Modi lives in London but spends most of his time travelling the world looking after various business interests. He has not returned to India since leaving in 2009 with various government agencies on his tail and charges from the BCCI. Many were later proved to be untrue but he was found guilty by the BCCI of eight offences relating to irregularities in the administration of the IPL. He has never been charged by the Indian government with a crime and denies all accusations. He claims he cannot go back to India because of threats to his life from theAsian underworld. Modi’s lawyer claimed in 2013 he was the subject of an assassination attempt in Thailand in 2009 by the same gang.

How the IPL changed cricket
How the IPL changed cricket

Modi admits his time in cricket is over. But he has advice for the ECB as it plans its own IPL tournament. “There is a big market in England. It has a great club culture. I always said I would love to have an English Premier League. But they have one chance in life, not two. Either you make it on day one or you do not. If they do not have teams owned by private owners they are finished. If it is going to be owned by the board and the counties it will not work. You have got to have the money from the owners. If you have ten billionaires sitting at a table who all have big egos, want to win and the best players, they will pay for it. Then you compete with IPL. 
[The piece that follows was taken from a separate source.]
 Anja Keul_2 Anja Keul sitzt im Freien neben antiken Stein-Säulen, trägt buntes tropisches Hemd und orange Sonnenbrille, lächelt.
“If they copy the Big Bash with teams owned by the board then it will will always remain a small player. The Big Bash is a fly to be swatted on the wall compared to IPL. Its revenue is negligible to the IPL. ECB will be the same. It will make a little bit of noise but when it comes to players the big money will be in India. Boards relying on TV revenue is not enough, they have to have private investors.”

Such a prospect would never gain approval from the counties and it is impossible to see it happening in England at this stage. But in Modi’s world view that is why England will never compete with India again.